Possible forward jumps create positions such as:
0 -> 15 -> 30 -> ...
Backward moves generate positions like:
15 -> 2
30 -> 17
However, forbidden positions and movement constraints eventually block all reachable paths.
BFS exhausts the search space without reaching 11.
Answer: -1
Example 3
forbidden = [1,6,2,14,5,17,4]
a = 16
b = 9
x = 7
Initial queue:
| Position | Last Backward | Jumps |
|---|---|---|
| 0 | False | 0 |
From 0:
- Forward to
16
Queue:
| Position | Last Backward | Jumps |
|---|---|---|
| 16 | False | 1 |
From 16:
- Forward to
32 - Backward to
7
Queue:
| Position | Last Backward | Jumps |
|---|---|---|
| 32 | False | 2 |
| 7 | True | 2 |
Processing 7 reaches the target.
Answer: 2
Complexity Analysis
| Measure | Complexity | Explanation |
|---|---|---|
| Time | O(M) | Each state is processed at most once |
| Space | O(M) | Queue and visited set store reachable states |
Here, M represents the bounded search space. Since positions are capped by a fixed upper bound around 6000, the actual runtime remains small.
Each position may appear twice in the visited structure:
- Once after a forward move
- Once after a backward move
Therefore, the total number of states is linear in the bounded range.
Test Cases
solution = Solution()
# Provided examples
assert solution.minimumJumps([14,4,18,1,15], 3, 15, 9) == 3 # simple forward path
assert solution.minimumJumps([8,3,16,6,12,20], 15, 13, 11) == -1 # unreachable target
assert solution.minimumJumps([1,6,2,14,5,17,4], 16, 9, 7) == 2 # overshoot then backward
# Target already at start
assert solution.minimumJumps([], 3, 2, 0) == 0 # no jumps needed
# Single forward jump
assert solution.minimumJumps([], 4, 2, 4) == 1 # direct forward jump
# Requires avoiding forbidden positions
assert solution.minimumJumps([2,4,6], 3, 1, 7) == 4 # navigate around blocked cells
# Impossible because all paths blocked
assert solution.minimumJumps([1,2,3,4], 2, 1, 5) == -1 # cannot progress
# Requires revisiting positions with different states
assert solution.minimumJumps([10], 6, 4, 8) == 3 # state distinction matters
# Large target with overshoot
assert solution.minimumJumps([], 5, 3, 17) == 5 # overshooting allowed
# Forbidden near target
assert solution.minimumJumps([9], 3, 2, 11) != -1 # alternative route exists
| Test | Why |
|---|---|
| Example 1 | Validates straightforward BFS traversal |
| Example 2 | Confirms unreachable targets return -1 |
| Example 3 | Verifies overshooting and backward movement |
x = 0 |
Tests immediate success case |
| Single forward jump | Tests simplest nontrivial path |
| Forbidden positions | Ensures blocked cells are skipped |
| Fully blocked paths | Confirms BFS termination correctness |
| Revisiting states | Verifies state includes backward flag |
| Large overshoot | Tests movement beyond target |
| Forbidden near target | Ensures alternate routing works |
Edge Cases
One important edge case occurs when the target is 0. Since the bug already starts at position 0, the answer should immediately be 0 without performing any BFS expansion. The implementation naturally handles this because the initial queue state is checked against the target before generating new moves.

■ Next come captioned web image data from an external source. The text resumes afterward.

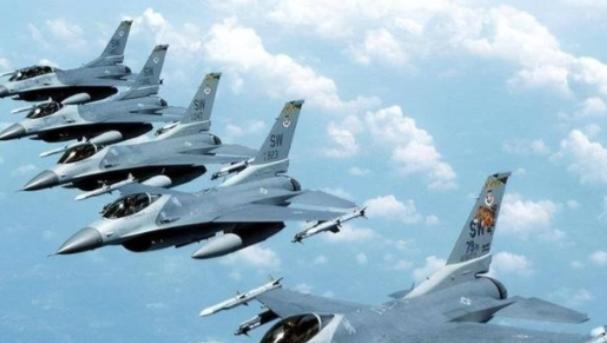 如果中美开战，美军会不会全面轰炸中国？这么说吧，只要美军轰炸机敢来到中国，东风快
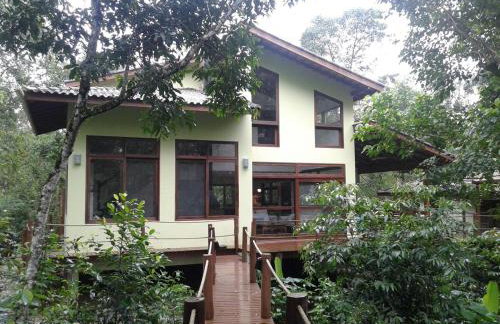 Beach house surrounded by lush nature - Foto 1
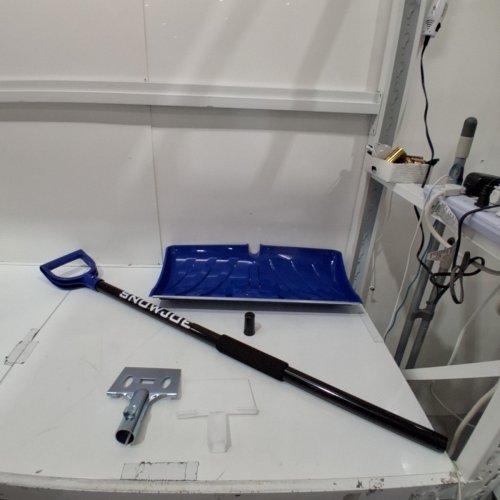 SNOW JOE EDGE 2-IN-1 SNOW PUSHER/ICE CHOPPER - 24" SHOVEL - BLUE/BLACK/SILVER (MODEL: SJEG24) image 2
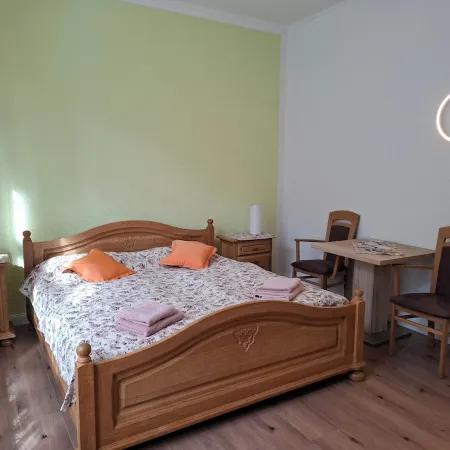 Freshly renovated former railroad station, detached and special Отели в г. Фёль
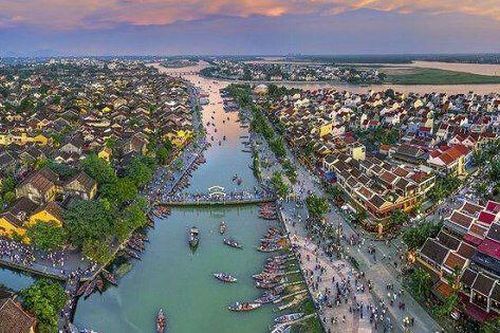 Ngân hàng rao bán nhiều bất động sản ở TP Hội An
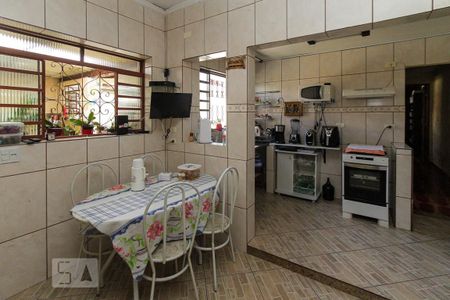 Casa à venda com 275m², 4 quartos e 8 vagasCozinha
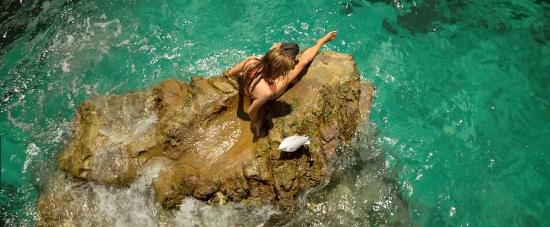 theshallows-blakelively-01964.jpg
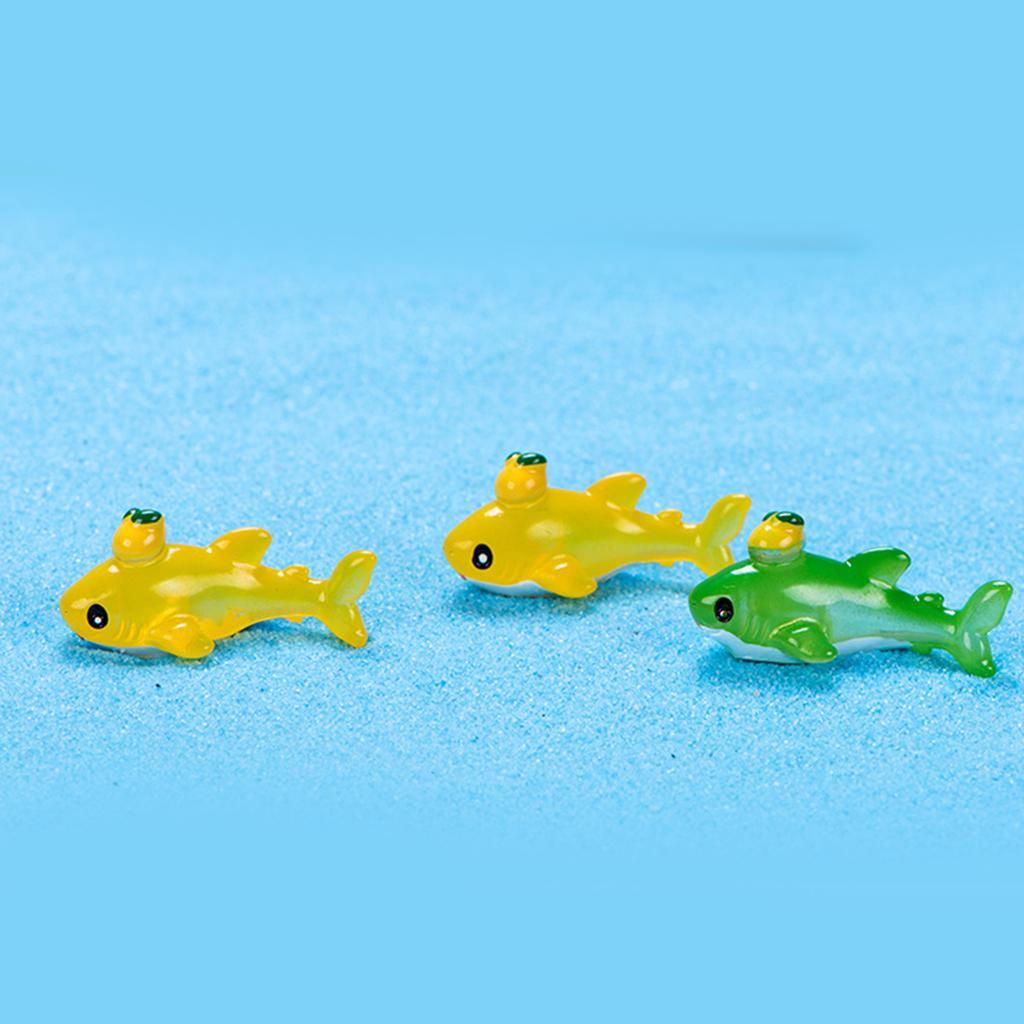 Pack of 10 Ocean Themed Resins Animal Figures for Aquariums Decorations and Children Room Decoration Miniature Whale Sea Hares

Another tricky edge case involves overshooting the target. A naive solution might restrict exploration to positions less than or equal to x, but valid paths sometimes require moving past the destination and then jumping backward. The implementation avoids this bug by allowing exploration up to a safe upper bound rather than stopping at the target.
A particularly subtle edge case arises from the restriction against consecutive backward jumps. Suppose a position is reached after a backward move. Future backward moves from that state are forbidden. If the visited structure tracked only positions, the algorithm could incorrectly prune valid paths. The implementation solves this by storing both the position and whether the previous move was backward.
Another important scenario involves infinite exploration. Since forward jumps can continue indefinitely, BFS without a boundary would never terminate in some unreachable cases. The implementation uses a fixed upper bound of 6000, which is sufficient under the given constraints and guarantees termination.